The Petit Palais is offering an Yves Saint Laurent retrospective, so my cousin Laura and I waited in line to see it. I had no idea that YSL popularized the pantsuit, having decided that women ought to stand shoulder to shoulder with men in the boardroom. Or that said pantsuit (perkily pinstriped and worn with a tie) created such a furor. Apparently a socialite, barred entry to a restaurant in New York City because she was in pants, stripped off the trousers and sauntered in wearing only the jacket.

I am particularly fascinated by the Yves Saint Laurent collections in which he appropriated motifs from art. He created a dress using Mondrian’s boxy color squares, and a Van Gogh “irises” jacket that must have required weeks and weeks of embroidering beads, sequins, and tiny ribbons to re-create the painting. Laura and I agreed that it was exquisite, though we weren’t sure on what occasion one would wear it. “It’s my birthday, and I’m wearing a Van Gogh”?

My favorite part of the Yves Saint Laurent exhibition was a towering wall displaying each and every tuxedo he designed in his long career. He was twenty-two when he presented his first collection, in 1958, and it was interesting to see the fifties evolve to the hipster sixties, shoulder pads swell for the eighties, slinky silk appearing in the nineties. Even better: the wall sign informing us that the tuxedos were meant to be “worn with bear skin.” I always thought fur beat naked flesh.

Alessandro reported today that Florent is much more in love with his colleague Pauline than he ever was with the Italian waitress. “After all, they can talk to each other,” he said. “That’s important, don’t you think?” It’s generally agreed that communication is an essential part of a relationship, yes.

A string of pet shops occupies a couple of blocks along the Seine. Oddly enough, we have visited every shop on two occasions, and haven’t seen a single poodle. As in Italy, chipmunks are popular pets. They look (to me) quite dismal, but perhaps Brazilians seeing
parrots in cages rather than flashing through trees feel the same.

Yesterday Anna burst into tears at bedtime, saying she had no friends, no one laughed at her jokes, and that she was failing school (her report card indicates otherwise). I pulled out a Gryffindor key chain I had been saving for just such an emergency, and she cheered up while telling me why she was definitely a Gryffindor and not a Slytherin.

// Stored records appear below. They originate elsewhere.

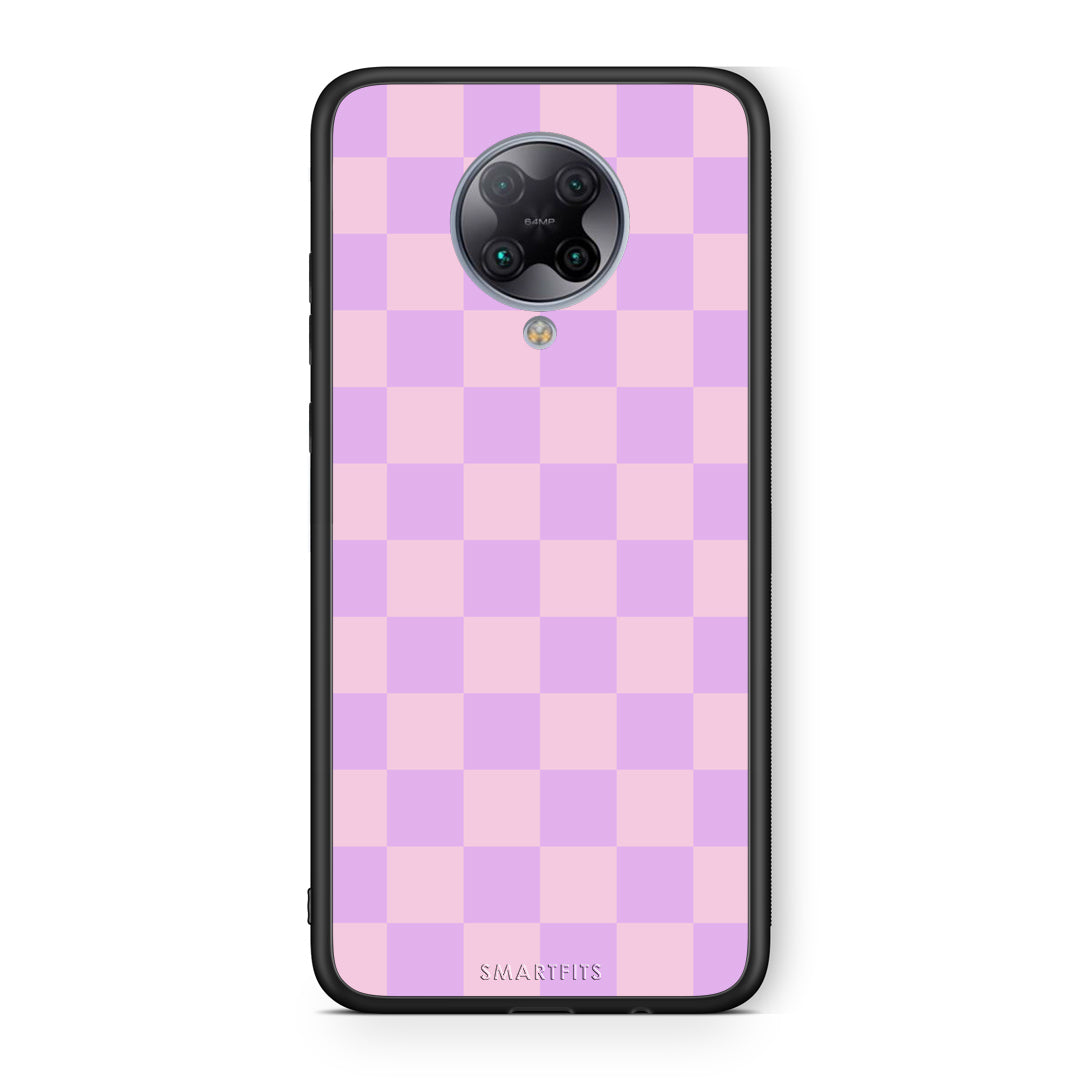 Θήκη Xiaomi Poco F2 Pro Lavender and Pink Checkerboard από τη Smartfits με σχέδιο στο πίσω μέρος και μαύρο περίβλημα | Xiaomi Poco F2 Pro Lavender and Pink Checkerboard case with colorful back and black bezels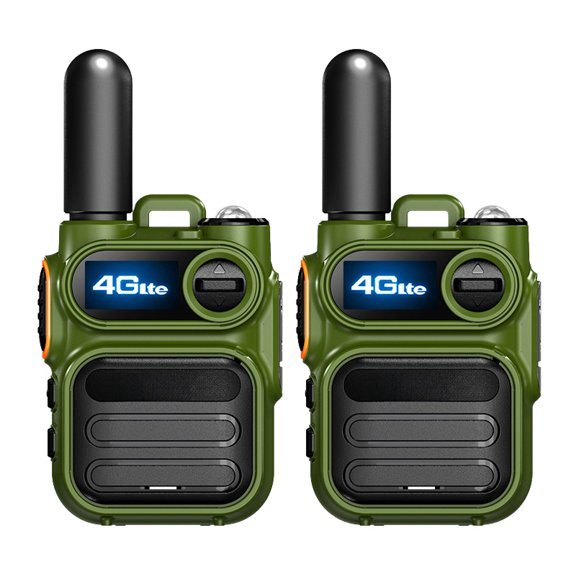 (2-Pack, SIM Cards Included) 4G LTE Network Walkie Talkie SIM Card Two-Way Radio Unlimited Range Push-to-Talk Device Rechargeable Portable Cellular Intercom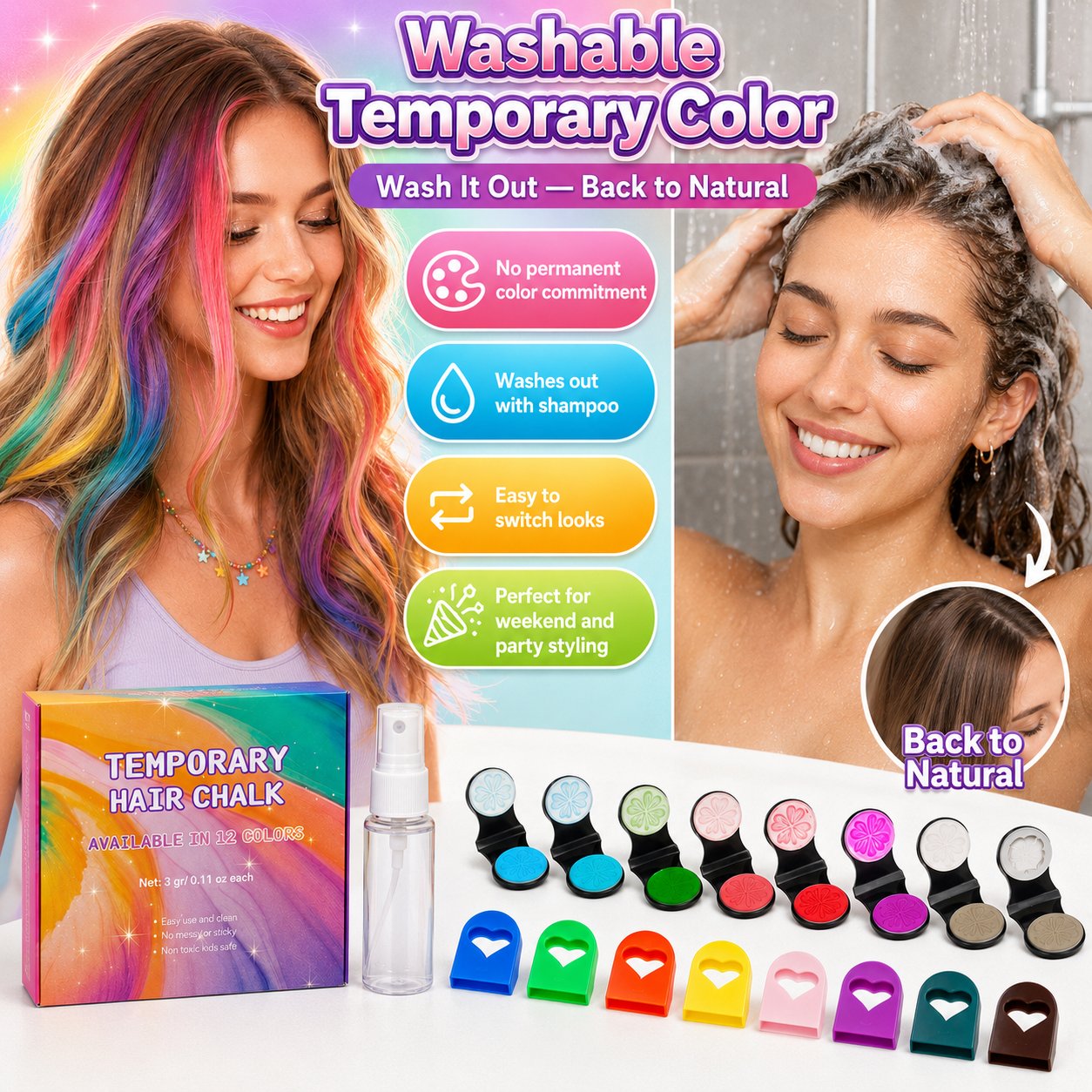 🎨 50% DE RÉDUCTION! ⚡ Kit craies capillaires – 12 couleurs, lavable & facile – Idéal pour fêtes ✨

In the apartment above us, workers are prying up the original 1760s floorboards only to replace the same boards in such a way that they won’t squeak. It was a bad day for us when each board shrieked from its place. But in quieter moments, I hear workmen singing, sometimes Portuguese love songs and sometimes the Muslim call to prayer.

Paris is in bloom! Early this morning I walked down boulevard des Invalides. Flowering trees from the Invalides park were hanging over railings, first one with ruby red buds, and then another with fluffy pale pink blossoms, touched with white, as if sprinkled with icing sugar.

This morning as we entered church, a worthy Frenchman with a huge gray mustache looked meaningfully at Luca’s uncombed and wildly curly hair. Once inside, I realized that no other parent had managed to corral anyone over eight, and I couldn’t help
thinking that the mustachioed gentleman should come over one Sunday early and try to pry a fifteen-year-old out of bed. I have given up elegance in exchange for attendance.

We have friends visiting from Los Angeles, two artists and their six-year-old daughter, Phoebe. Proud that we could boast near-California-like sunshine on Sunday, we wandered about the markets, and Phoebe bought a bag of French guinea pig food to bring home to her classroom pet, Roxie. Showing true Parisian flair, it’s colored like the rainbow. We had a great time at the bird market on Île-de-la-Cité talking to wildly intelligent parrots, until disaster: a box of baby bunnies, tiny bundles of soft fur with sweet floppy ears and pink noses. Phoebe and Anna were both overwhelmed by desire. I explained that, without passports, these bunnies couldn’t become U.S. citizens. Showing an early aptitude for a life of crime, Anna pointed out she could hide one in her pocket. “Or my pants,” she added.